Ewlyne Guillaume et Serge Abatucci, les directeurs de la compagnie Ks & Co qui animent avec une énergie artistique sans relâche un projet ancré au cur des cultures plurielles de l’ouest guyanais, et grâce auquel sont nés Kokolampoe, la Scène conventionnée de Guyane, installée à Saint-Laurent du Maroni dans un ancien centre de transportation du bagne de Cayenne ainsi que Les Tréteaux du Maroni, un festival international de rencontres des arts de la scène, présentaient cet été en Avignon une nouvelle création. Ils avaient présenté Koud’ip au printemps au Musée Dapper à Paris, un spectacle étonnant, mené avec des Saramakas et surtout une expérience humaine rare. Et on se souvient de La Route de Zakes Mda, ce très beau spectacle adapté d’un texte sud-africain présenté en Avignon en 2007, où Serge Abatucci avait Ahmadou Tidiane Sall pour complice. Cette fois, les directeurs de Ks & Co, qui ont choisi de monter tous deux sur les planches, se sont tournés vers la Martinique et se sont associés au jeune comédien Hervé Deluge et sa compagnie L’île Aimée pour constituer un trio surprenant et défendre un spectacle présenté dans la nuit avignonnaise au théâtre de la Chapelle du Verbe Incarné.

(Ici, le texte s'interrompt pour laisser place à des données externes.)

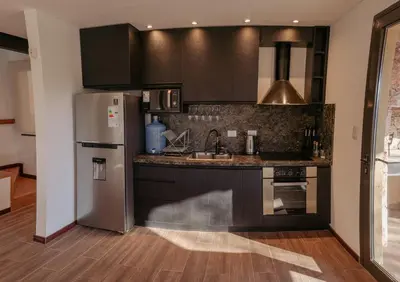 a kitchen with black cabinets and a stainless steel refrigerator at Cabañas Las Marias - Mirador del Lago in Villa Parque Siquiman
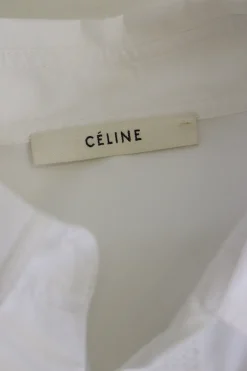 White cotton-blend pullover shirt with classic collar, button cuffs, and round hem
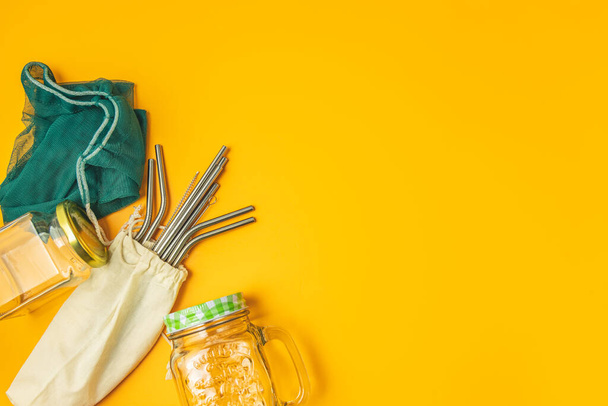 Zero waste concept. Cotton bag, bamboo cutlery, glass jar,  and straws on yellow background, flat lay,  copy space. Plastic free. - Valokuva, kuva
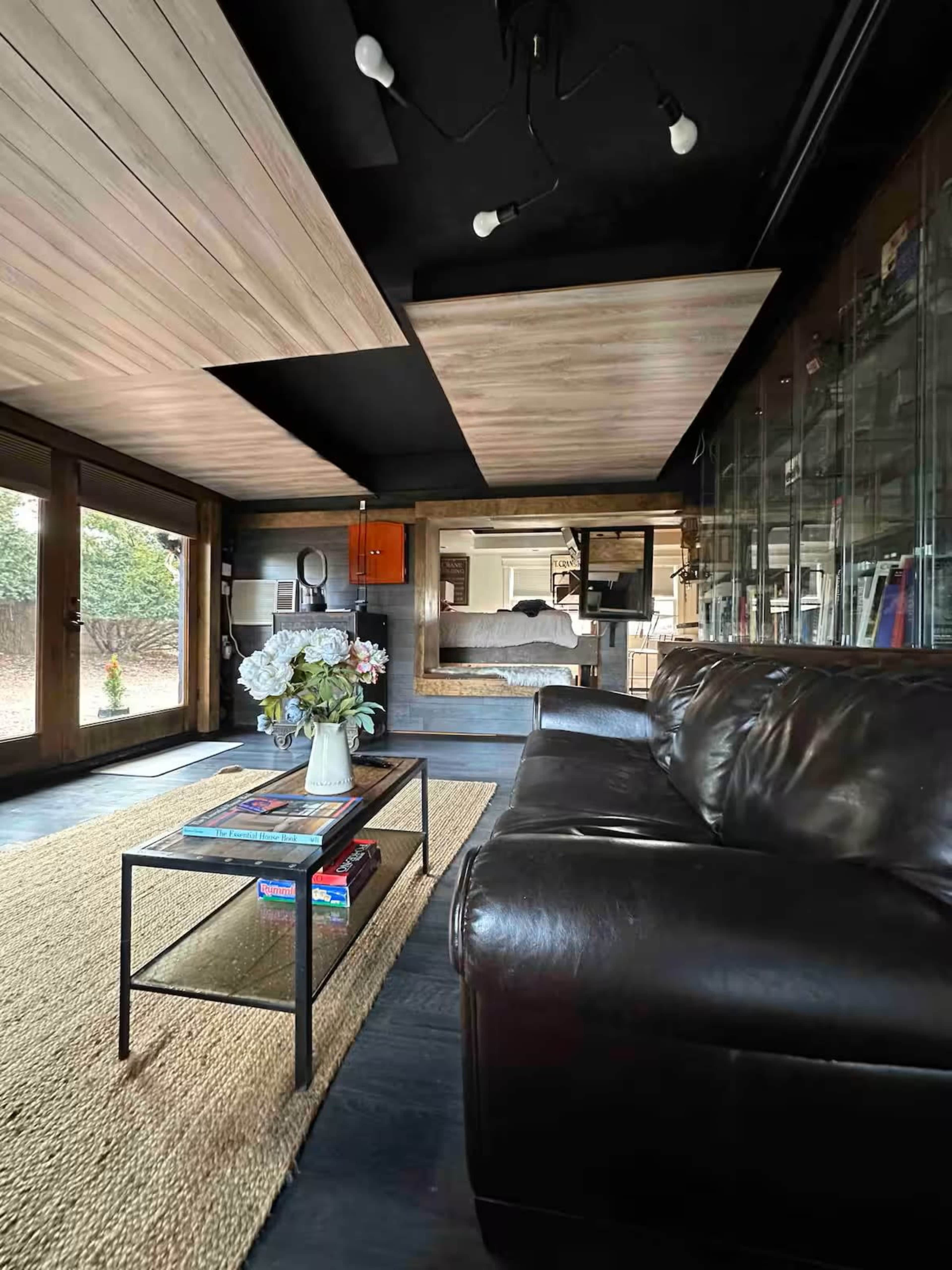 The image shows a modern living room featuring a dark leather sofa, a glass coffee table with books, and a well-lit area with large windows.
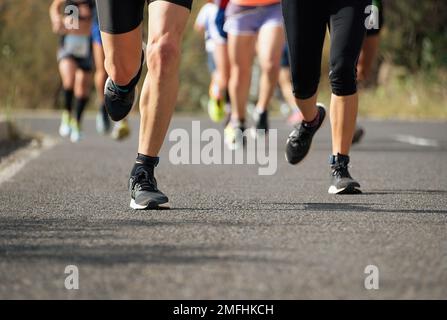 Marathon running race, people feet on city road Stock Photo - Alamy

Curieux objet que cette création vidéo, acoustique et plastique qui s’appuie aussi sur le jeu de trois acteurs et sur un texte de Janusz Glowacki. La présence scénique des comédiens qui jouent trois S.D.F., trois laissés pour compte dans un parc new-yorkais semblent s’insérer comme du vivant dans une installation plastique faite d’illusions vidéo et de matériaux recyclés amoncelés en un drôle de dépotoir où explosent les couleurs : un caddy, un banc, des sacs de couchage des fleurs en plastique, de vieilles pantoufles, des sacs poubelles
Les trois palpitations humaines disparues dans cet amoncellement hétéroclite sont trois cloches dont l’horizon n’est plus que ce corps qu’ils maltraitent, n’est plus que la bouteille de gnaule qu’ils convoitent, tandis que le dialogue qui les relie encore est fait de cris et de silence, percés de mensonges et de tractations, d’insultes aussi.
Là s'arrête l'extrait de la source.